### Extracted entries
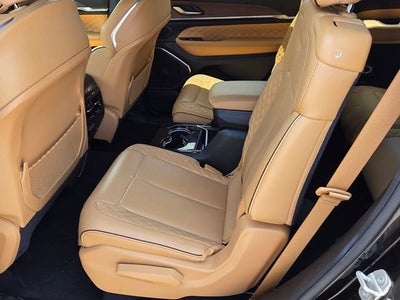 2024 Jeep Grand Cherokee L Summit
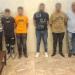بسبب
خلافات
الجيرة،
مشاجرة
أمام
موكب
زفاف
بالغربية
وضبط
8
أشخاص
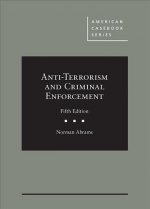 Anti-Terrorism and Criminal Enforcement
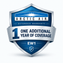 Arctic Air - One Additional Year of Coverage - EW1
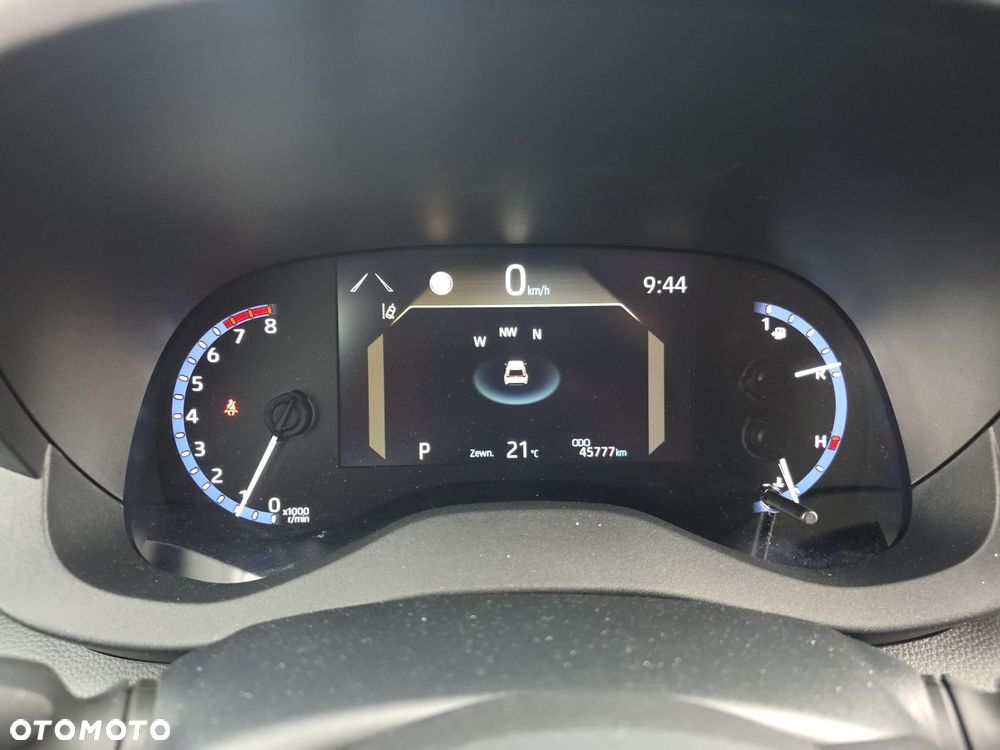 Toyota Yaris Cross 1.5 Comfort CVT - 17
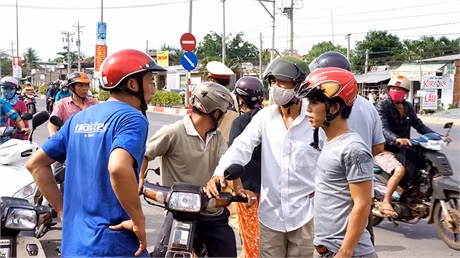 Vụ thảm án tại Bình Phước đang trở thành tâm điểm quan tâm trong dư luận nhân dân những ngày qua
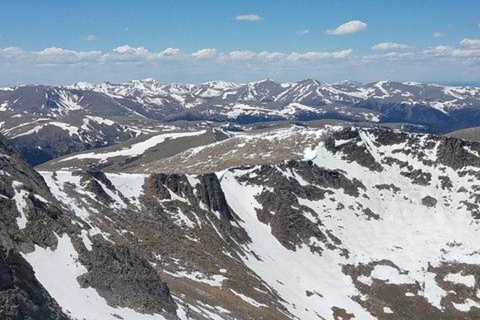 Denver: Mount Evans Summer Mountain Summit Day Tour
--
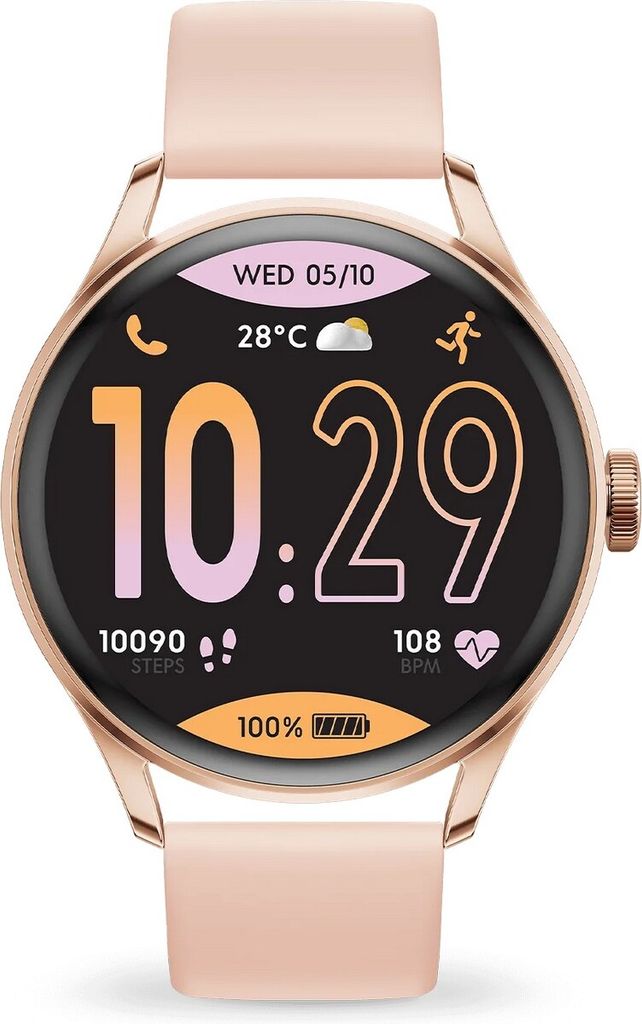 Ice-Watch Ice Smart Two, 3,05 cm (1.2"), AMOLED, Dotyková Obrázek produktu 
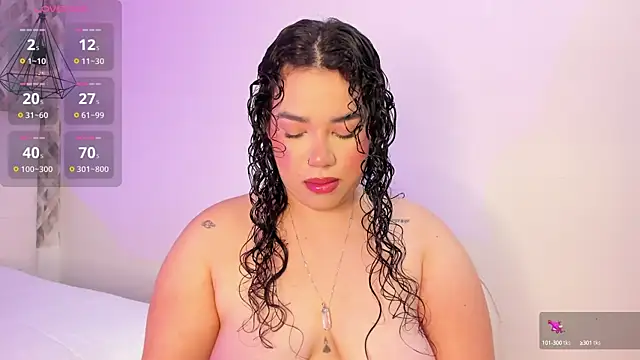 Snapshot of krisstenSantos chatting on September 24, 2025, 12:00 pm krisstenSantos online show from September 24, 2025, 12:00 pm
* * *
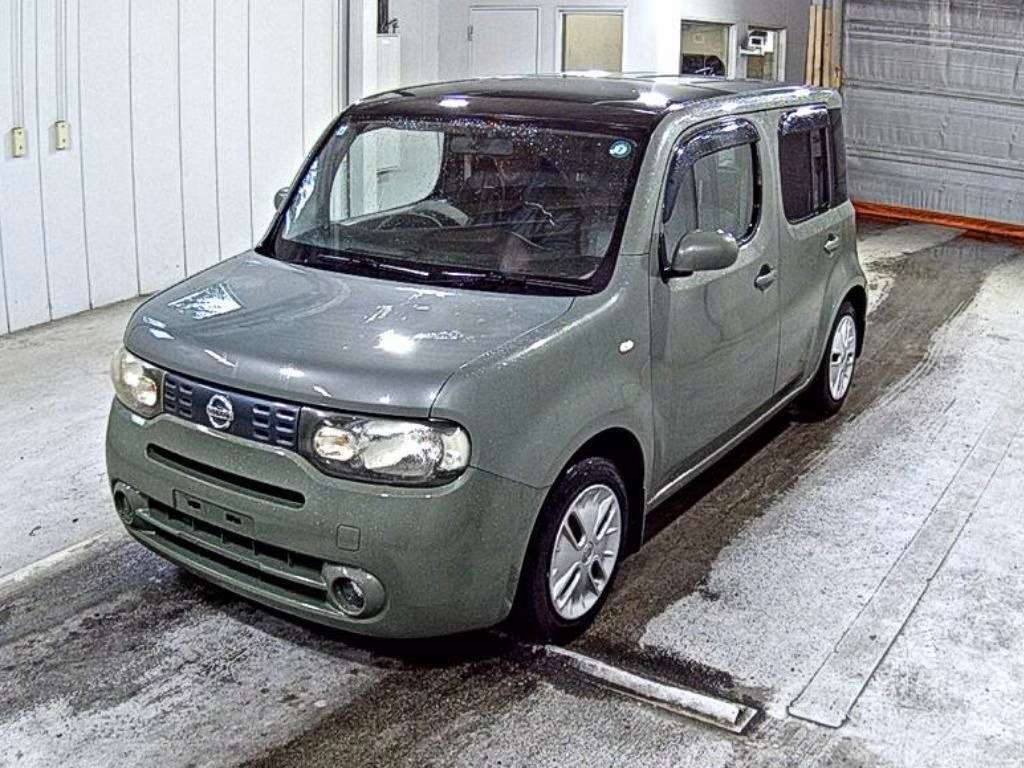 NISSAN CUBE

### Required action
Using the entries above, write out exactly the lines from the one with "Vụ thảm án tại" through the one with "Denver: Mount Evans", ends included. Leave out any pictures.

### Solution for this problem
 Vụ thảm án tại Bình Phước đang trở thành tâm điểm quan tâm trong dư luận nhân dân những ngày qua
 Denver: Mount Evans Summer Mountain Summit Day Tour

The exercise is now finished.